L’écrivain Prétextat Tach va mourir dans deux mois d’une maladie rare au nom délectable : le syndrome d’Elzenveiverplatz. Sous l’impulsion de son secrétaire, il accepte, de mauvaise grâce, de rencontrer quelques journalistes triés sur le volet.
Pendant les 80 premières pages, nous assistons donc à quatre interviews de l’auteur de génie que personne n’a lu mais qui est terriiiblement tendance. Une parodie d’interview, parfois longuette, qui nous prend en étau : le personnage de l’écrivain est cinglant et odieux (il rappelle les personnages d’un Bukowski), mais les journalistes sont absolument inintéressants, et on éprouve un malin plaisir à les voir envoyés au tapis par le vieillard cynique.
La cinquième interview fait décoller le roman : à partir de ce moment le lecteur savoure les réparties habiles et impertinentes qu’offre une journaliste au vieil adipeux.

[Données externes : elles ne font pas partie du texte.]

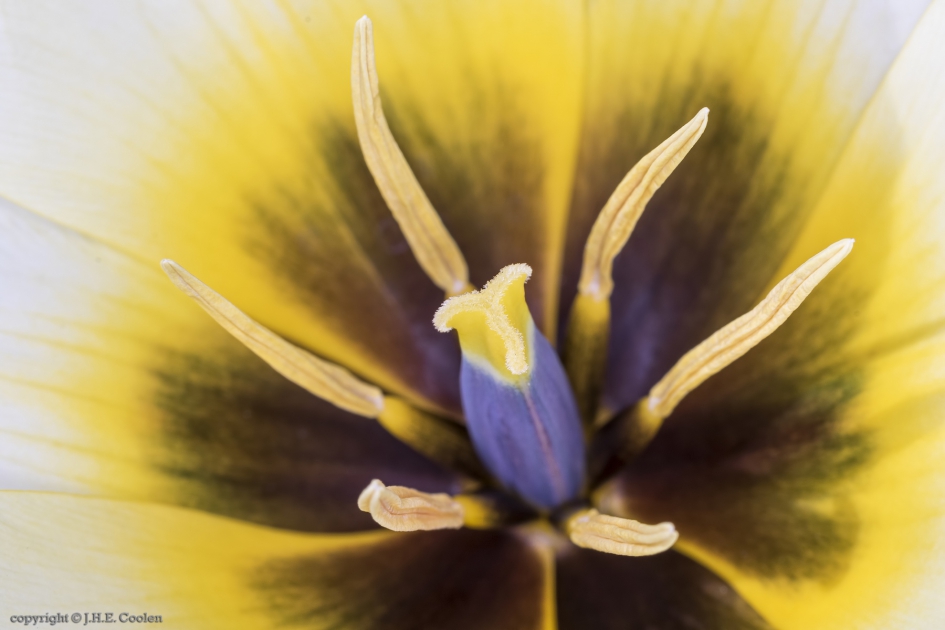 Tulp (Tulipa) - Planten - Tulp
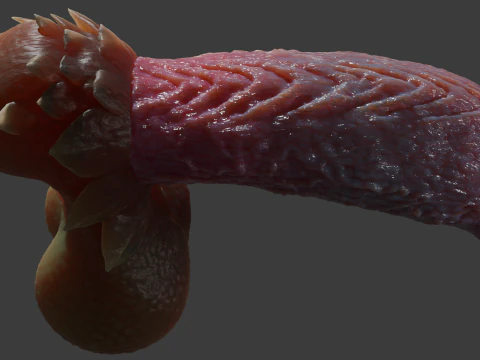 Fantasiedraak Eragan Penis Sextoy opgetuigd 3D Model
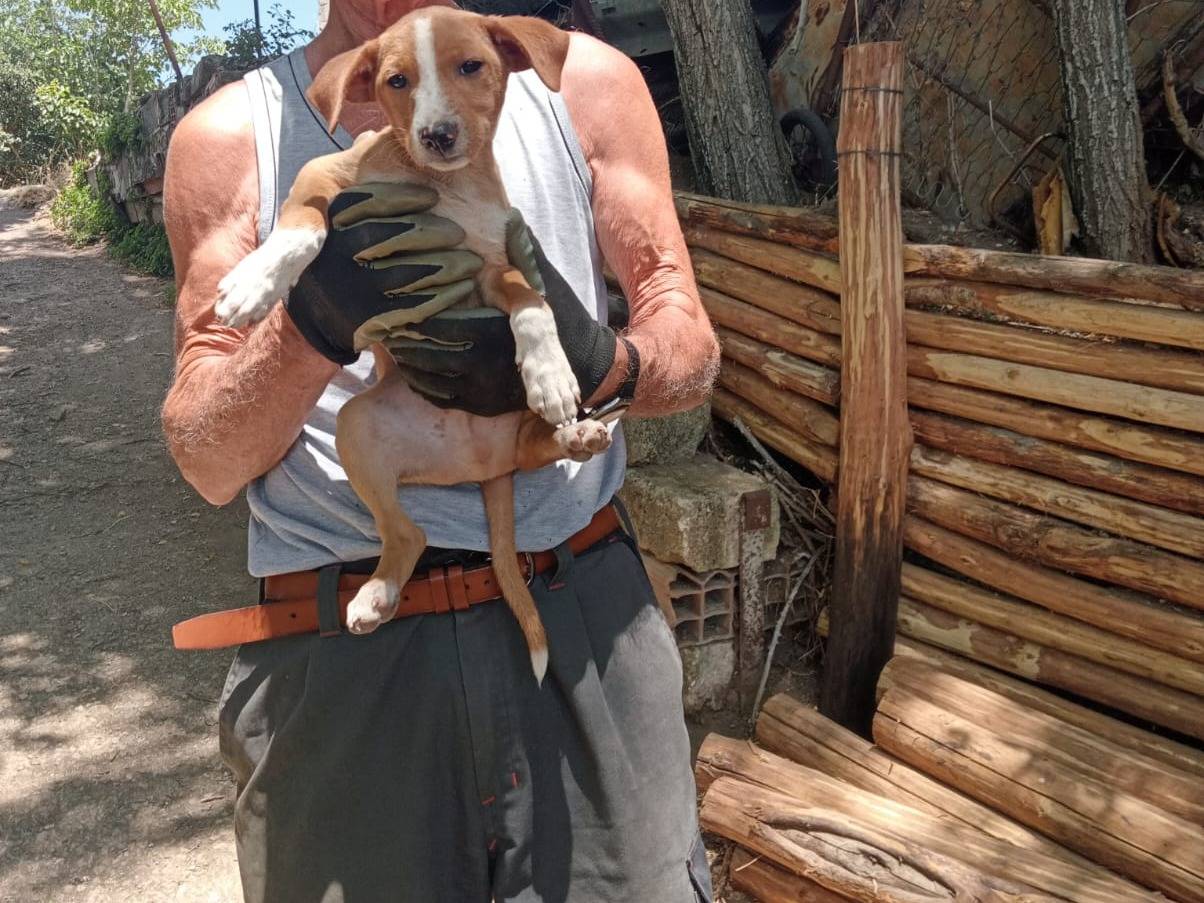 Adotta il cane Tacco a Potenza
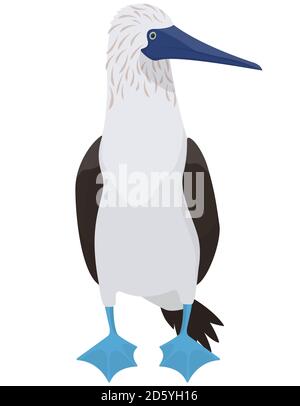Cache-chaussettes à pieds bleus, style dessin animé. Oiseau de mer drôle. Illustration de Vecteur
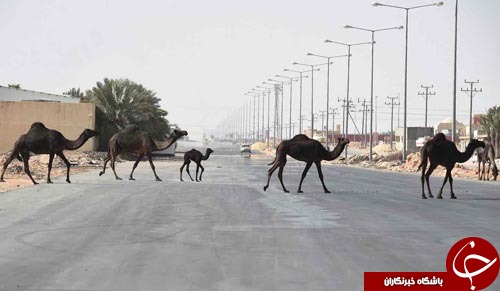 از رزمایش زمستانی روسیه تا پاک کردن نقاشی کشیده شده به دست داعش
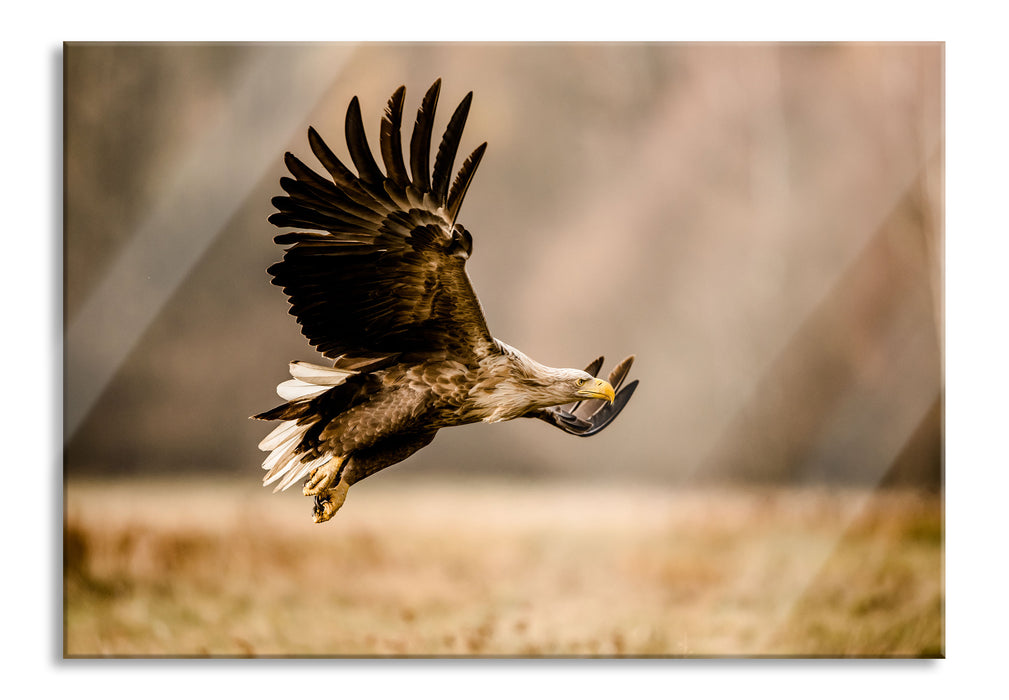 Pixxprint Nahaufnahme Adler bei der Jagd, Glasbild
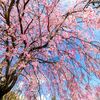 しだれ桜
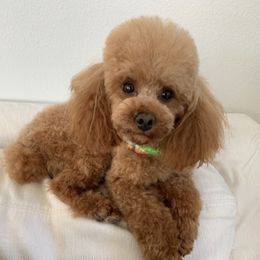 Jasper - Poodle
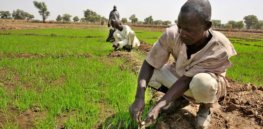 Reisbauern Nigeria x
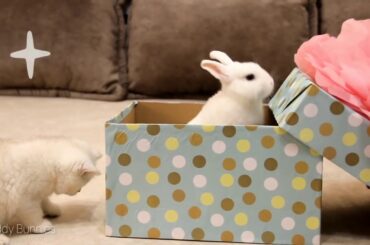 Super Cute Bunny Plays With Cats  Baby Rabbit And Cat Meet, Become Total Twins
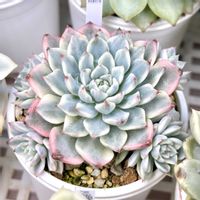 成長記録 沙羅姫牡丹錦,エケベリア 沙羅姫牡丹錦,斑入り多肉,LED栽培,神奈川タニラーの画像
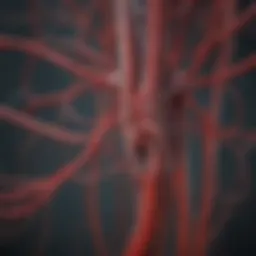 Intricate Diagram of the Circulatory System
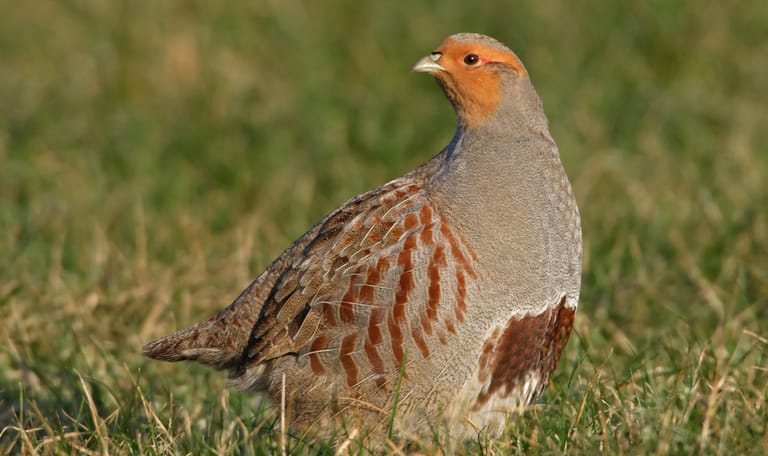 Uitkijkpunt Tuurgat, Gasthuisbevang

Un duel verbal s’engage, après une entrée en matière particulièrement tonique. La journaliste qui connaît l’œuvre de P. Tach est là pour obtenir des réponses sur un seul des romans de Prétextat Tach : celui que bizarrement, il a publié inachevé.
La jeune journaliste ne se laisse pas prendre au piège de la violence provocante et machiste des discours du gros Tach et le pousse peu à peu dans les retranchements graisseux mais peu reluisants de sa mémoire. L’interview devient interrogatoire. Mais l’enquête est dangereuse : c’est un bras de fer psychologique, où la force des adversaires se mesure au mélange de répulsion et d’admiration que chacun voue à l’autre.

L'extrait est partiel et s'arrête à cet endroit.